I thought about playing dumb. I thought about shoving the Maglite in his face and swinging, but I just handed it over, palms sweaty and raw. He weighed it in his hand, then set it on my desk. Next came the performance. He closed his eyes and pinched the bridge of his nose, like he was suffering for my sins.

“This disappoints me greatly, Darla.”

“You’re going to send me to some brainwash farm anyway. What’s the harm in a flashlight?”

He let out a slow breath, the kind they taught at anger management seminars. “You’re not being punished. You’re being helped. I’m only trying to protect you from yourself.”

I laughed, bitter and hollow. “By locking me up and taking away my Christmas lights?”

He ignored the jab, which meant it landed. He moved to the closet and rummaged for a second, then produced a hammer and a handful of thick wood slats from behind his back. He must have prepped them before coming up. The air went out of the room.

He didn’t yell. He didn’t even look at me. He walked to the window and started hammering the boards across the frame, methodical as a carpenter building a coffin. Each strike vibrated through the walls and into my teeth. He made sure I could still see out, but there was no way in hell I was getting through.

When he finished, he turned to me and dusted his hands. “Your choices have consequences. One day you’ll understand.” He tucked the Maglite into his jacket and left without another word.

The sound of the lock clicking behind him was louder than the hammer. I waited for the footsteps to fade, then threw my pillow at the barricaded window, screamed once, and curled up on the bed.

Outside, Sarge circled the house. He looked up, saw the boards, and kept walking. Business as usual.

I wanted to hate my father. But what I really hated was how good he was at this.

21

Axel

Nobody ever accused the Royal Bastards of being subtle. Friday night, and the clubhouse sounded like a NASCAR wreck in the middle of a tractor pull, smoke thick enough to hang coats on, the air vibrating with a hundred stupid bets, cackles, and the kind of laughter you hear in a place where violence is always two beers away.

I was wedged between Vin and Moab at a scarred-up oak table, the surface sticky with years of spilled whiskey and whatever DNA the regulars could scrape off the bottoms of their boots. The place reeked of malt, sweat, and chain grease. Red was behind the bar, slamming shots into glasses, giving the occasional handsy club brother a tongue-lashing so fierce you’d think her day job was field-dressing bears. We were keeping our heads down. That was the plan, anyway.

Vin looked like a busted transmission—idle but coiled. His eyes, those cold shark things, flickered every time the front doorcreaked.

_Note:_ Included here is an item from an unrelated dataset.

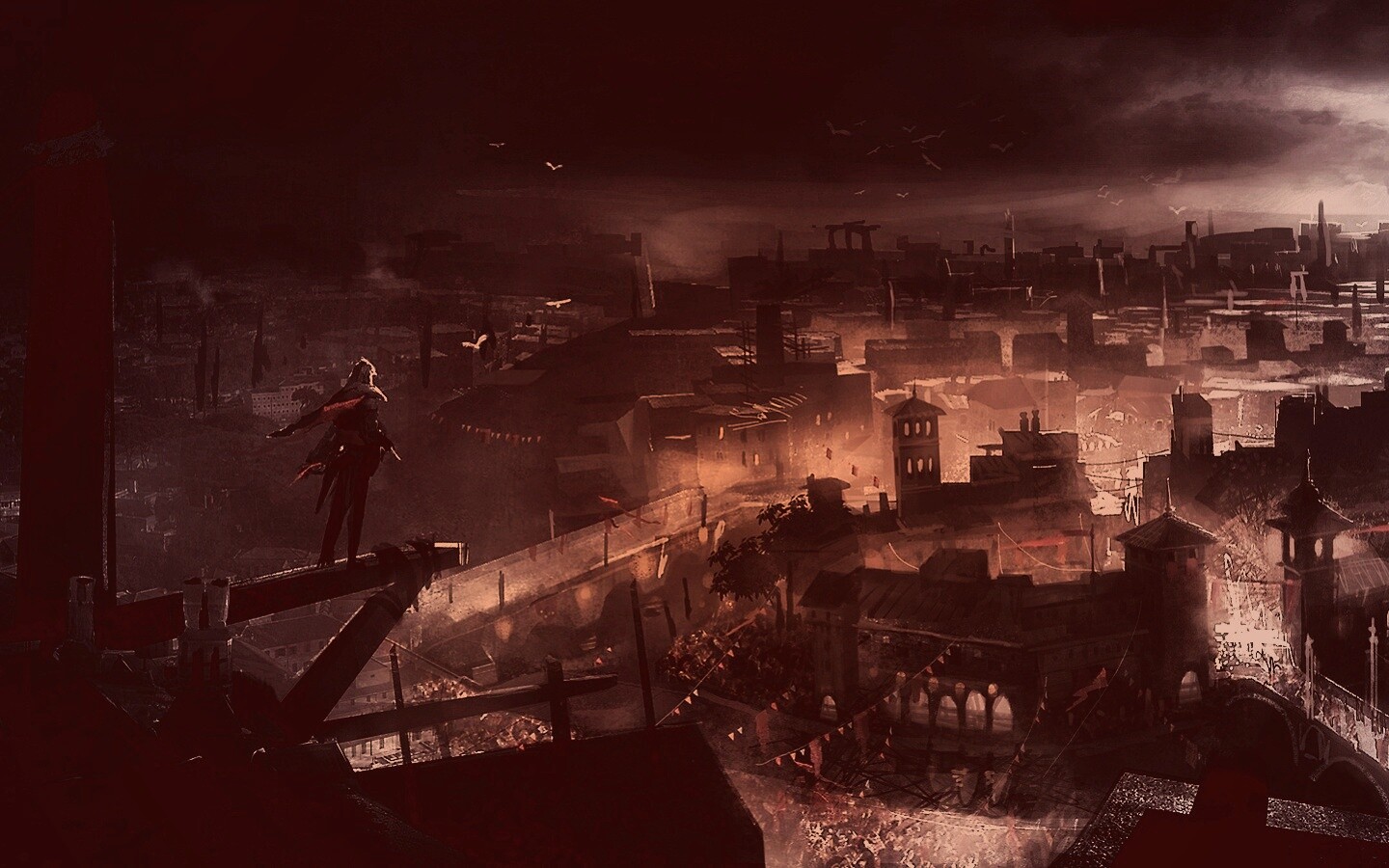 Assassins Creed Братство обои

I just nursed a Black Tooth Grin and let the noise eat at my nerves. Every bone in my body said to run, but the bastard inside me wanted to see who came through that door.

When it slammed open, the whole room dropped a decibel. Detective Amelia Carter barreled in, trenching muddy footprints across the linoleum, rain still spitting off her leather jacket. She didn’t hesitate, didn’t flinch at the wall of bikers sizing her up. She locked eyes with Vin, then looked to me.

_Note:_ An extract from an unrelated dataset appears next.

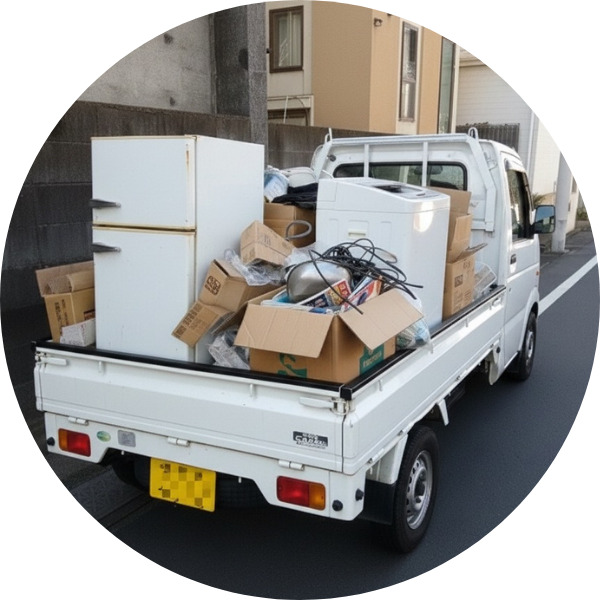 サービス紹介不用品回収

“Could you all stop circle-jerking for five seconds?” she barked, her voice like gravel in a cement mixer. “I need the adults.”

Vin gave her the smile he reserved for narcs and debt collectors. “I only see one, Carter, and she’s standing in a puddle.”

She snorted, yanked a chair backwards, and threw herself into it so hard the legs shrieked across the floor. Her eyes darted around the table, face set in the same expression I’d seen on cornered dogs and first-day COs—don’t fuck with me, I bite.

She dropped a manila folder on the table with a thunk. Beer bottles rattled. “You three get the Cliff’s Notes, the rest can fuck off.”

Vin jerked his chin at the hangers-on, and they scattered, grumbling. Heather lingered just long enough to shoot Carter a death glare before flipping a double bird and heading back behind the bar.

I waited. Nobody said a word. The only sound was the whirr of the busted neon over the pool table and the rain tap-dancing on the roof.

Carter snapped the folder open. A stack of 8x10 glossies, reports, printouts, all crammed in as if she’d been told to bury the evidence before it went cold. She fanned out the top sheet, turned it so we could all see.